Determinism was also observed on more local scales, within sites and individuals. Using the PbV data (again, because of its presence at all sites) we looked to see whether there was a limit to how genetically similar two co-occurring viruses could be. The maximum observed identity between any two PbV sequences found in the same individual was 85.8% for G1 viruses, and 88.7% for G2 viruses (Fig. 3d). In contrast, the maximum identity for any two non-identical sequences found in different individuals at the same site was 99.8% (for both G1 and G2). This pattern was shown to be significantly different from chance (Wilcoxon rank-sum test; P<0.001) based on 1,000 random selections of γ-diversity (restricting α-diversity to the richness observed), and was consistent when stratified by site. It strongly suggests deterministic mechanisms do exist to limit the co-occurrence of closely related viruses in the same animal, and while the specific mechanisms are unknown we postulate they could well include virus:virus interactions such as competitive exclusion (analogous to the theory of limiting similarity16) or virus:host interactions like immune recognition. We qualify that this conclusion is dependent on the assumption that a correlation exists between phylogenetic relatedness and ecological similarity30 (for a competitive process) or host response (for immune recognition), and while we see no reason to doubt the validity of this assumption we acknowledge that little is currently known about picobirnavirus ecology and host interactions. We therefore suggest that additional data exploring whether ecological similarity increases with genetic similarity will now be required to confirm this relationship.

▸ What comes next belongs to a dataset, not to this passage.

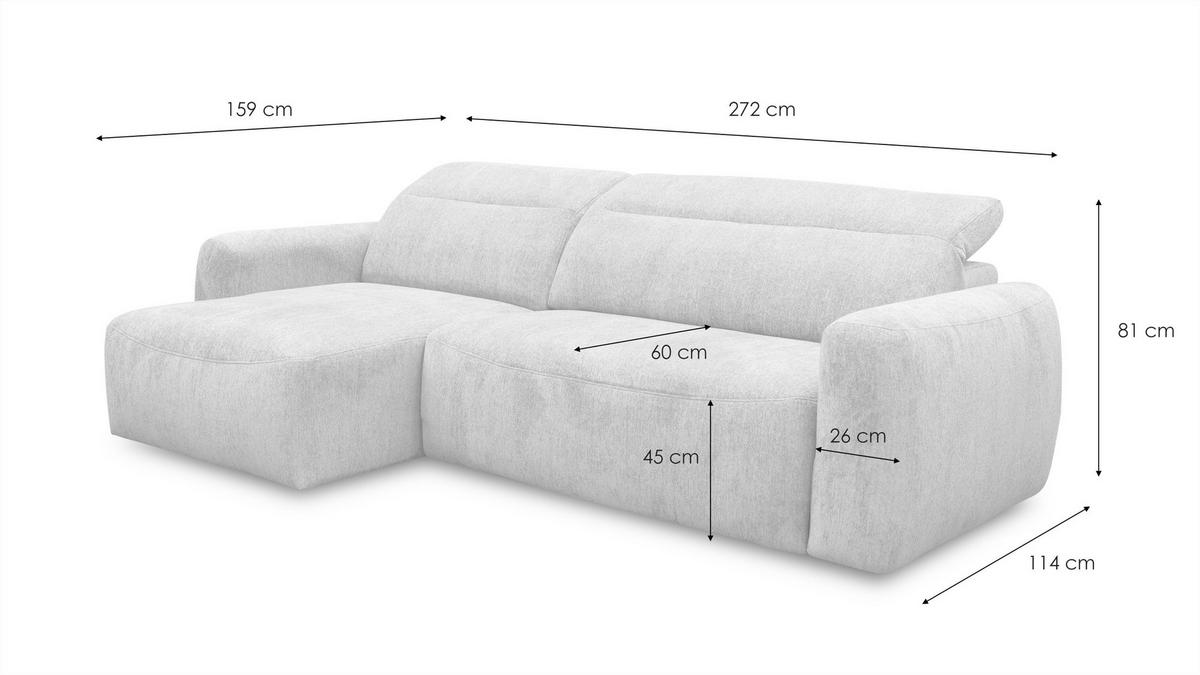 ECKSOFA NERO 4-Sitzer, dunkelbeige - Beige/Schwarz, Holz/Textil (272/81/159cm) - Wozimo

The potential for virus:virus interactions was investigated further using a one-mode network that showed the connectivity of viruses based on the relative frequency of host sharing (Fig. 4). Several biological associations were apparent, including that of adenovirus MmAdV-5 with dependoviruses MmAaV-1, 2 and 3. Named dependoviruses (or adeno-associated viruses) because of their requirement for a ‘helper virus’, these small DNA viruses are well known to use adenovirus to satisfy their replicative deficiencies35. The strength of this association was tested using PAIRS24,36, and the frequency of their co-occurrence shown to be significantly greater than expected by chance (C-score; P<0.001). The network also identified significant co-occurrence between MmAaV-1 and the herpesvirus MmHV-1 (P=0.002). Herpesviruses are also known to satisfy the helper requirements of dependoviruses35. Together these results demonstrate (and to some degree, validate) the usefulness of networks in understanding biological relationships in viral communities. In total, 35/184 viruses showed statistically supported (P=<0.05) positive co-occurrence with another virus, while 12/184 had negative associations. These results demonstrate that deterministic mechanisms exist to both promote and prevent the co-occurrence of viruses in the community.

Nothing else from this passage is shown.